In response to the banning of certain denominations of currency, many Indians rushed into exchanging their cash for physical assets such as gold, jewelry, and even silver, and according to India's Finance Minister on Dec. 30, this is the next thing the government will go after now that physical Rupees have been limited in their economy.

As the government takes stock of the black money post demonetisation, its mulling the next step now. The focus is set to be on tracking down 'black wealth' or the illegal money pumped in real estate, gold and silver. 
Minister of State for Finance Santosh Gangwar while speaking to India Today disclosed that noose will tighten around tax evasion routes in physical assets. 
"We are doing crackdown on banks as we are getting information. Black money has a face, people can pump it in real estate, buy gold or silver. We will be stopping it," Gangwar said. 
Already, the government has amended the benami property act to detect the money laundering the real estate. Benami Transaction (Prohitibion) Amendment Act 2016 that came into effect on November 1. It aims at checking illegal money parked by tax evaders in property that is registered under multiple owners. 
"When PM was campaigning for Lok Sabha he had black money on the agenda, that's what he has delivered now and we will take it further," the minister added. 
Currently PAN card is required for selling gold, silver and jewellery over Rs 2 lakh. Since demonetisation, I-T sleuths have been keeping a hawk eye vigil at jewellers and bullion traders to track fake 'gold sale' for routing denotified currency. - India Today
The Indian government labels 'black wealth' as any asset or transaction that is done outside the banking system, and outside the government's ability to track and tax the exchange.

India won't be the only country in the coming days to usher in severe capital controls that restrict the ownership of cash and gold, or allow individuals to transact outside the nation's financial system, as just last week the EU began construction of new restrictions regarding the purchase of assets like gold from outside the Eurozone.

As the world rushes headlong into new currency, debt, and insolvency crises, governments will continue to crack down on the people's ability to choose whether they want to function in their collapsing systems.  And with so many options available now such as Bitcoin, Paypal, Goldmoney, Karatbars, etc... to both store your wealth and transact outside of banks, the coming year may see an even greater acceleration of capital controls by government's as they strive to protect their own dying platforms at the expense of the people and their money.

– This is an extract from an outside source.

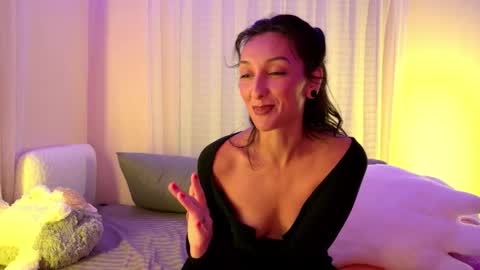lola_la_lita online show from 10.16.25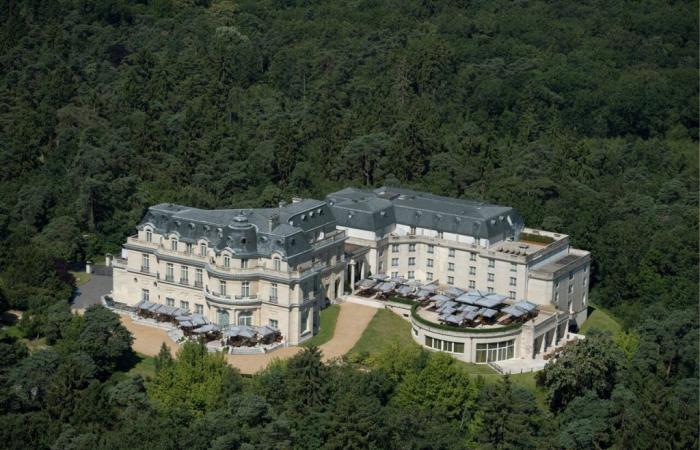 Este hotel de lujo reabrió sus puertas en Oise y quiere convertirse en un palacio.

Tuesday, December 27, 2016

Europe now joins the war on gold as they propose confiscation from anyone entering the EU who 'might' be a terrorist

First it was India, who began the war on cash and gold by using the spurious reasons of trying to halt black market transactions.  Then they were followed next by China, who has put in place laws to limit the taking out of gold from the mainland to protect against capital flight.

Now the European Union is getting into the mix as they are proposing new laws which would allow for the confiscation of both cash and gold from anyone entering into the EU whom they deem to be a 'terrorist'.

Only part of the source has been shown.